Thursday, July 10, 2008

Relearning WCF



I recently had some downtime and wanted to build on my knowledge of WCF. I had previous experience with WCF on using proxy generation but knew that the ChannelFactory existed and I wanted to gain experience using that, so I decided to create a sample WCF Service hosted in IIS on Vista.

So what to do first.....



I knew I wanted to see how to use the ChannelFactory so I went out looking for samples online and found Windows Communication Foundation (WCF) and Windows CardSpace Samples at http://www.microsoft.com/downloadS/details.aspx?familyid=0043041F-95D6-4EB7-966A-C21A737E193A&displaylang=en. I installed this and opened the ChannelFactory solution.

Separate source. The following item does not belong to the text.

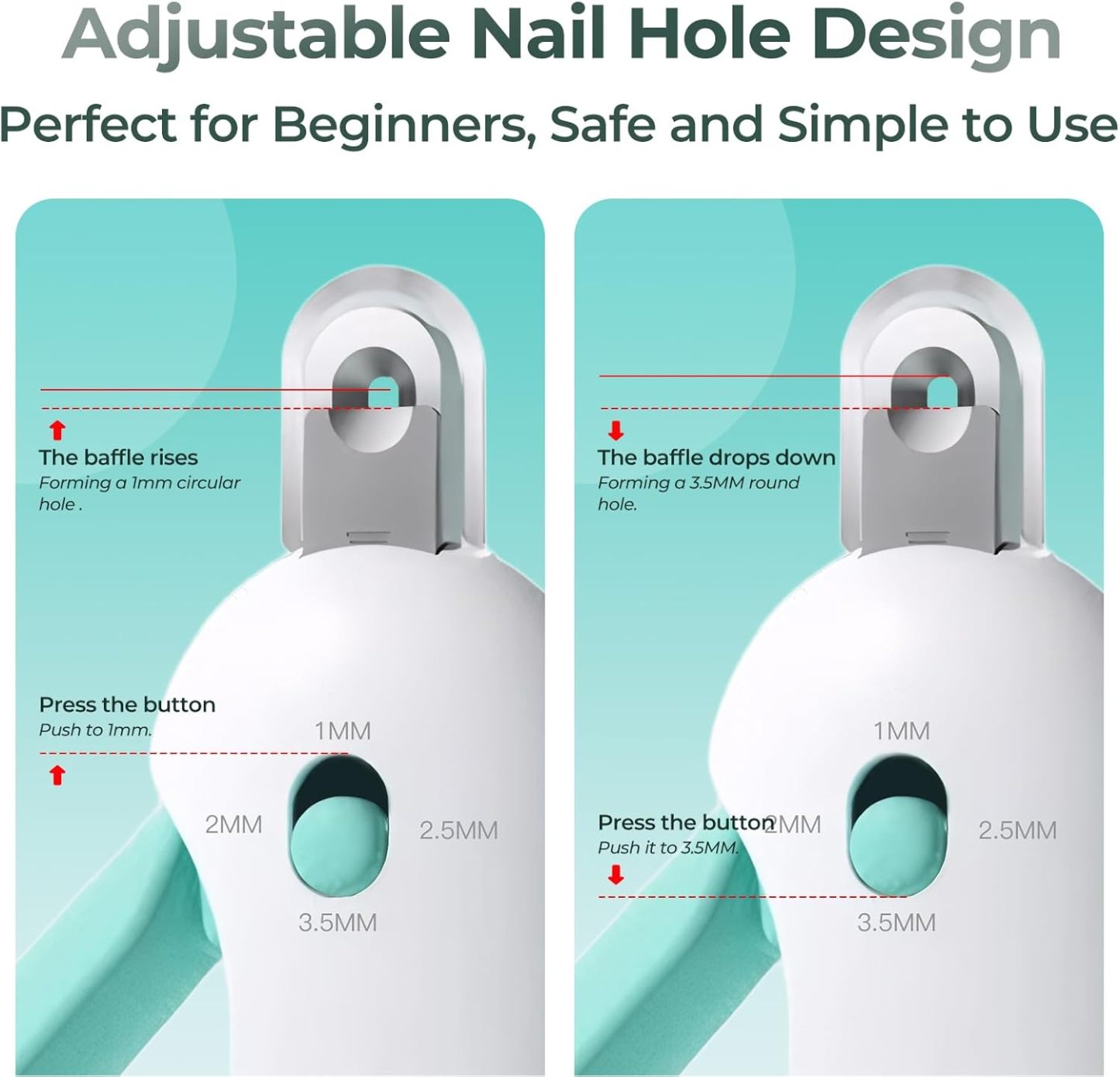 MarvelPaws Cat Nail Clippers Removable Debris Collector With Adjustable Size| Built-in Hidden Nail File, Round Hole Blade, Safe Home Grooming Tool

(I had already installed the windows component for IIS (in vista, click start Help and Support and search on Turn Windows features on or off). I selected everything under the IIS Web Mangement Tools section and the IIS World Wide Web Services. I also aready ran the ServiceModelReg.exe -i for the 404.3 error (Read http://msdn.microsoft.com/en-us/library/ms732012.aspx for more explanation).







The next thing I had to do was to make sure that I had an application in IIS set up for the services. During the build, the sample code made a directory under IIS and copied the dlls to it. I knew I either needed to make that an application myself, run the setupvroot found in the WCF_WF_CardSpace_Samples\WCF\Setup\CS, or create an application pointing to the bin directory where my services bin lived. I chose to make an application pointing to the C:\inetpub\wwwroot\ServiceModelSamples folder.

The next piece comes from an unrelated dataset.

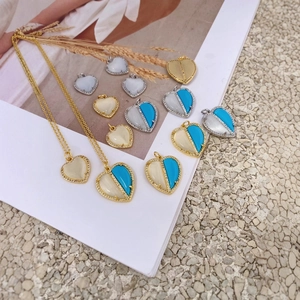 Luxus Herz Anhänger 18K Vergoldet Kupfer Mikro Pave Zirkonia Süß Romantisch Schmuck Zubehör Für Damen Halsketten DIY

Next, I tried to run the project and it worked but as I'm looked through the code, I wondered how to get the endpoint address to be configurable. I wanted something like
ChannelFactory factory = new ChannelFactory("wsHttpBinding_CalculatorService");

where wsHttpBinding_CalculatorService was defined in my client's app.config.
I had to make the app config look something like



I ran again and it worked. Great! The next thing I wanted to do is try to create my own. I wanted to try extracting out my data contracts and service interfaces so they could be shared between client and server. One of the things I ran into was that the output directory for my services project was pointed to \bin\debug. I had to change that to \bin. I also had issues because I had a virtual directory in iis for the service folder instead of making it an application. I kept getting an error saying

"The service[ServiceName] cannot be activated due to an exception during compilation. The exception message is: The type [ServiceName], provided as the Service attribute value in the ServiceHost directive could not be found. "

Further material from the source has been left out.